Michael Higgins

No. 81
- Position: Tight end

Personal information
- Born: December 7, 1987 (age 38) Omaha, Nebraska, U.S.
- Listed height: 6 ft 5 in (1.96 m)
- Listed weight: 242 lb (110 kg)

Career information
- High school: Beatrice (NE)
- College: Nebraska–Omaha
- NFL draft: 2011: undrafted

Career history
- New Orleans Saints (2011–2013); Minnesota Vikings (2014)*;
- * Offseason or practice squad member only

Career NFL statistics
- Receptions: 2
- Receiving yards: 1
- Stats at Pro Football Reference

= Michael Higgins (American football) =

American football player (born 1987)

Michael Higgins (born December 7, 1987) is an American former professional football player who was a tight end in the National Football League (NFL).
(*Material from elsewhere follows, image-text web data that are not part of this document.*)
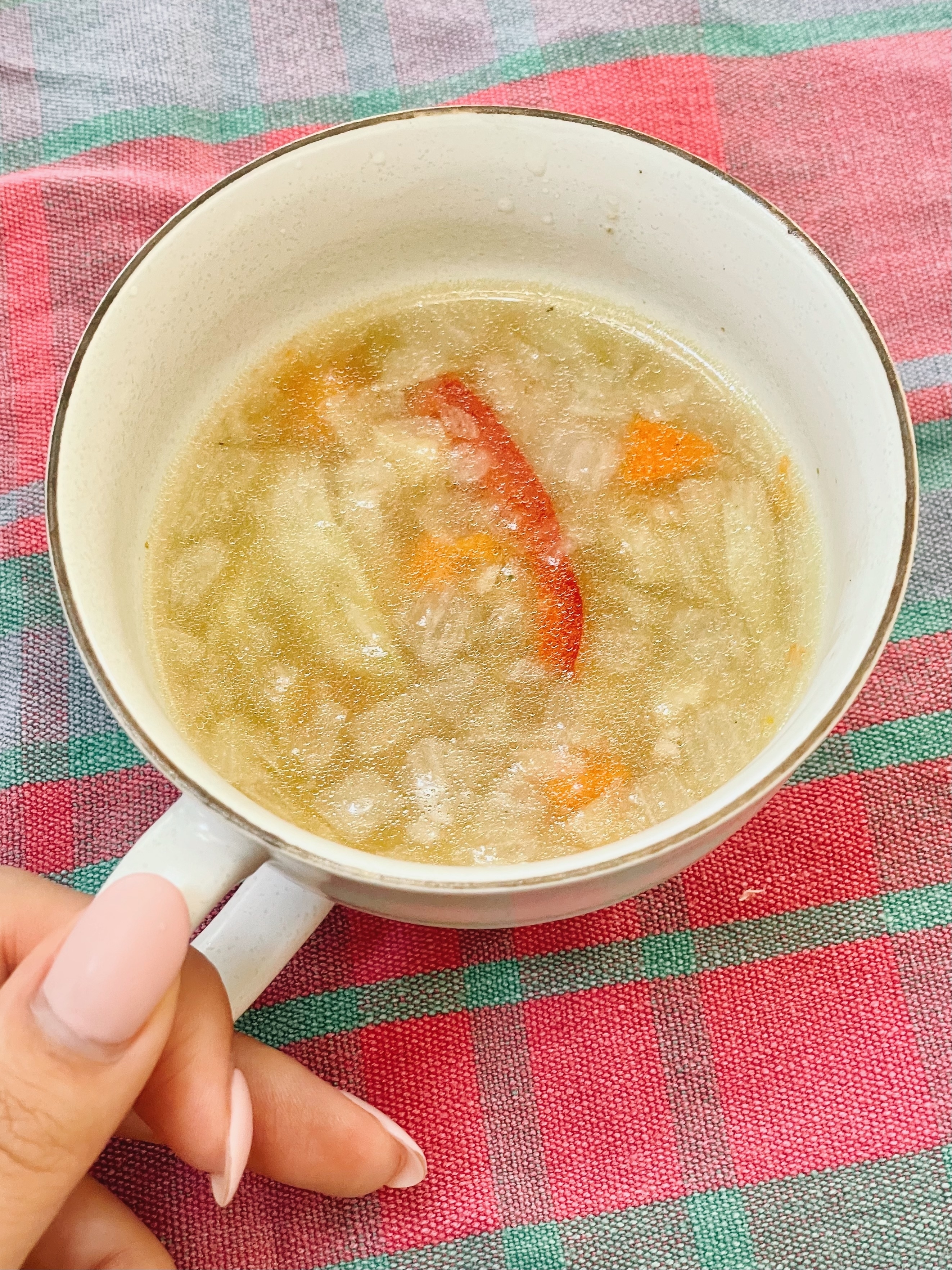 ファミマのオススメスープ「1/3日分野菜使用コンソメスープ」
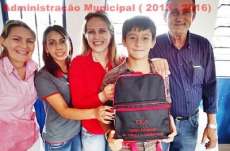 Cand&oacute;i - Alunos do Peti recebem kits de uniformes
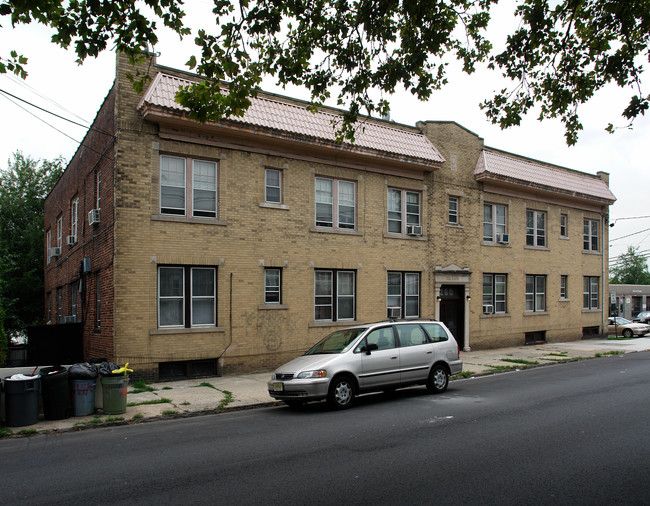 260 Davis Ave in Kearny, NJ - Foto de edificio - Building Photo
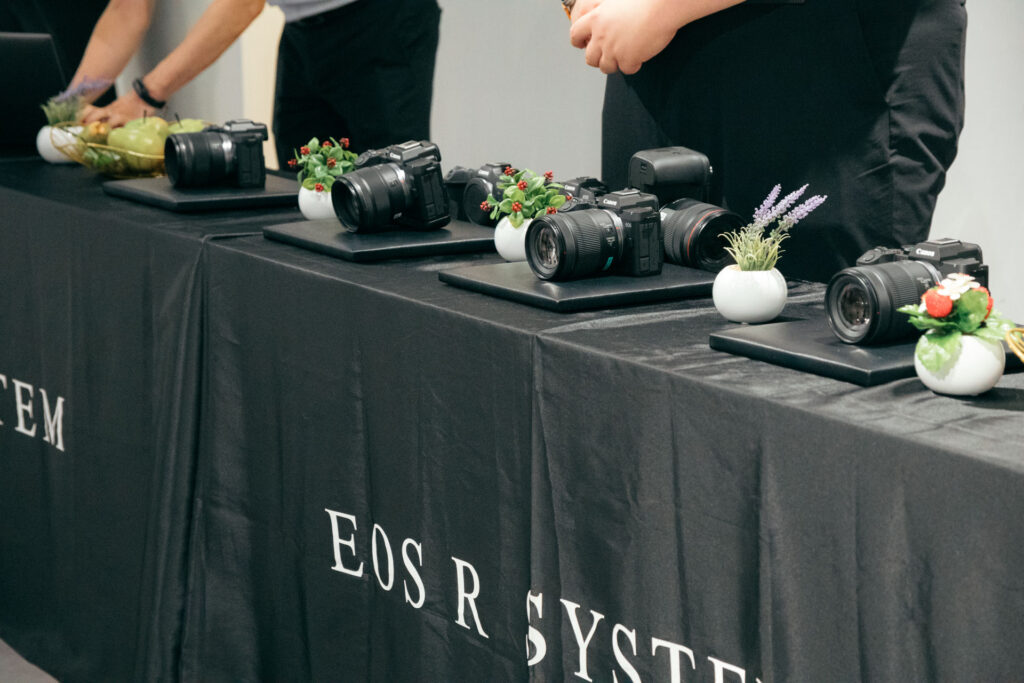 会場に並んだEOS R8 Mark IIの実機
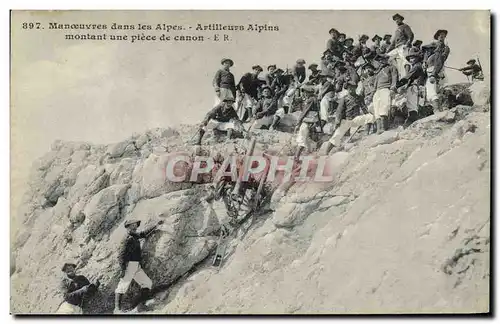 Ansichtskarte AK Militaria Chasseurs Alpins Manoeuvres dans les Alpes Artilleurs alpins montant une piece de cano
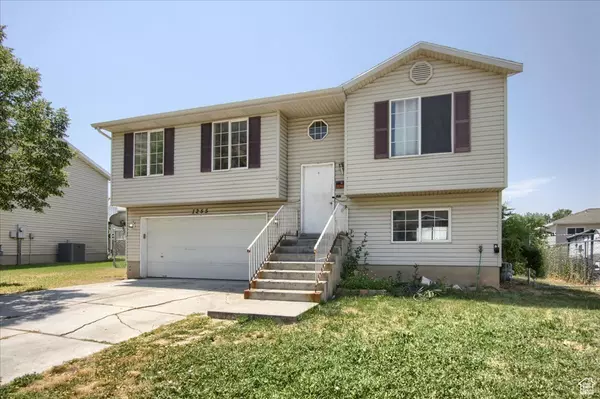 Ogden, UT 84404,1255 N WILLARD PEAK DR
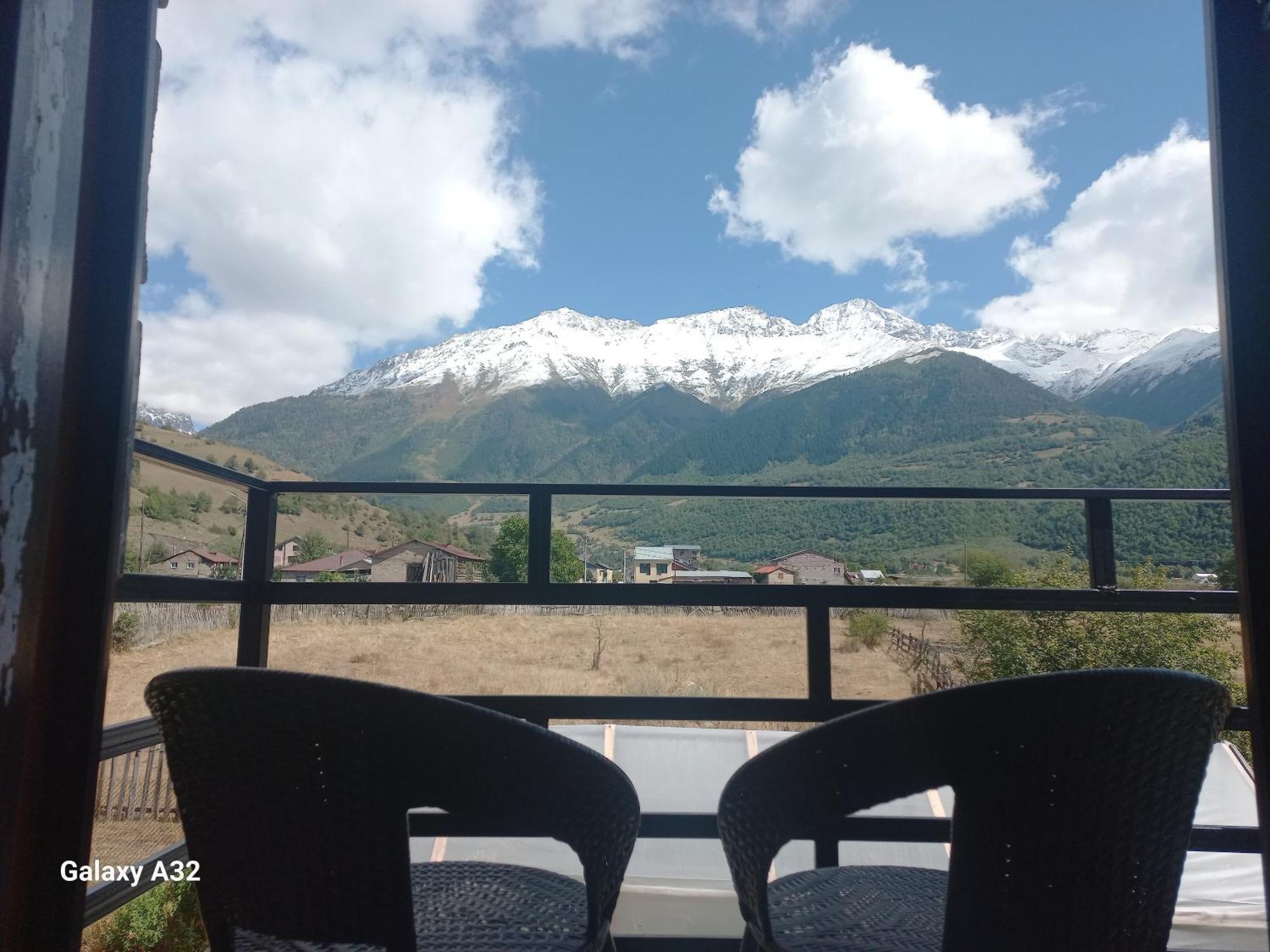 Ninama Hotel Mestia Bagian luar foto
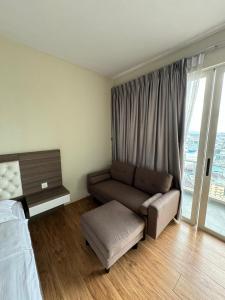 Aston Residence - Studio Apartment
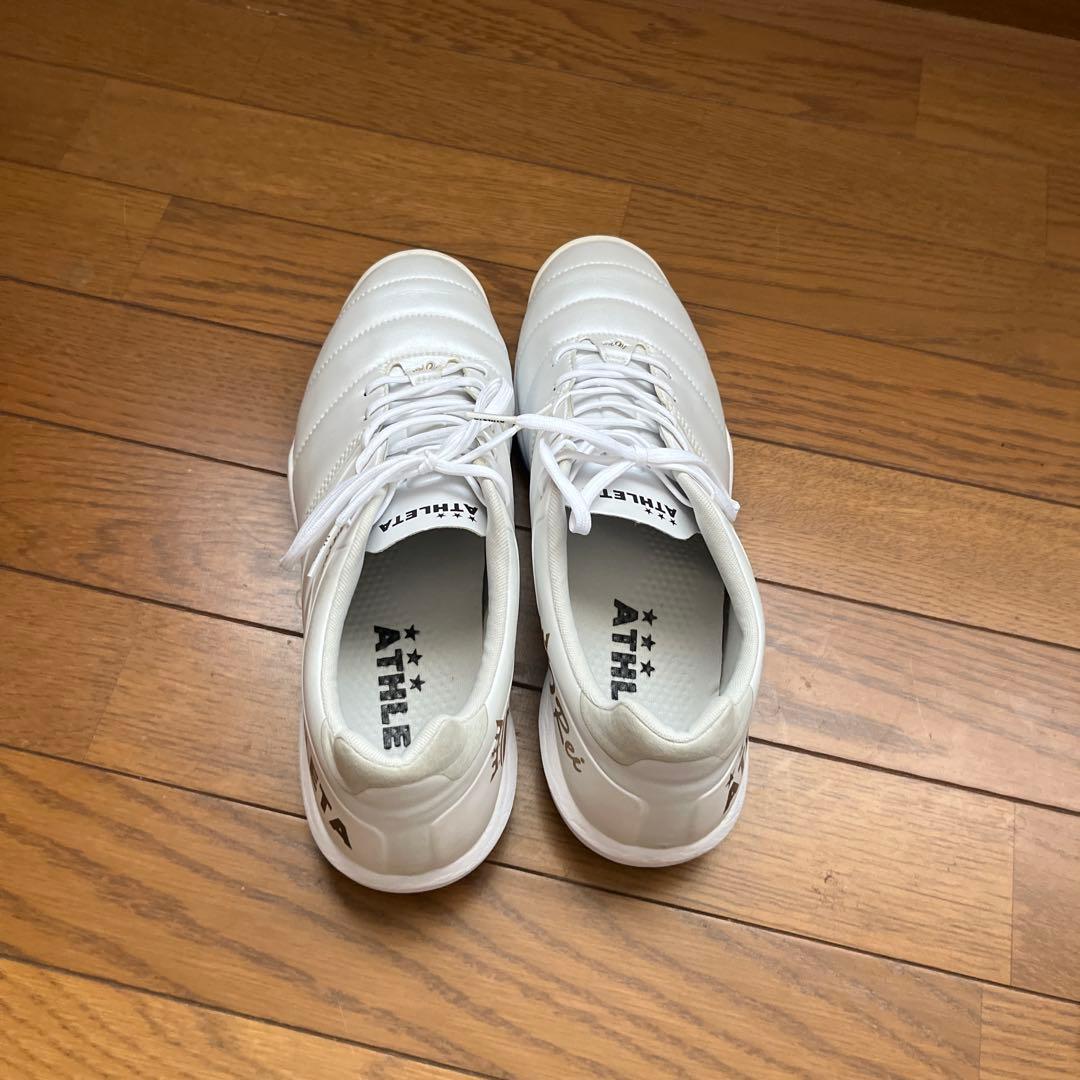 【美品】ATHLETA O Rei ホワイト フットサルシューズ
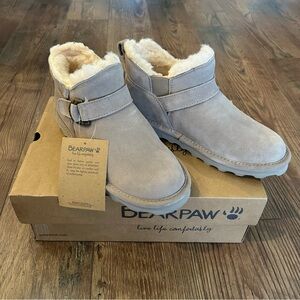 Bearpaw Shorty Buckle Ankle Boots in Mushroom Size 7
He was signed by the New Orleans Saints as an undrafted free agent in 2011. He played college football for the Nebraska-Omaha Mavericks.

==Professional career==

===New Orleans Saints===
Higgins was signed as a free agent by the New Orleans Saints on July 27, 2011. He was waived on September 3, 2011, and re-signed to the team's practice squad.

===Minnesota Vikings===
He was signed by the Vikings on July 23, 2014 and was released on August 26.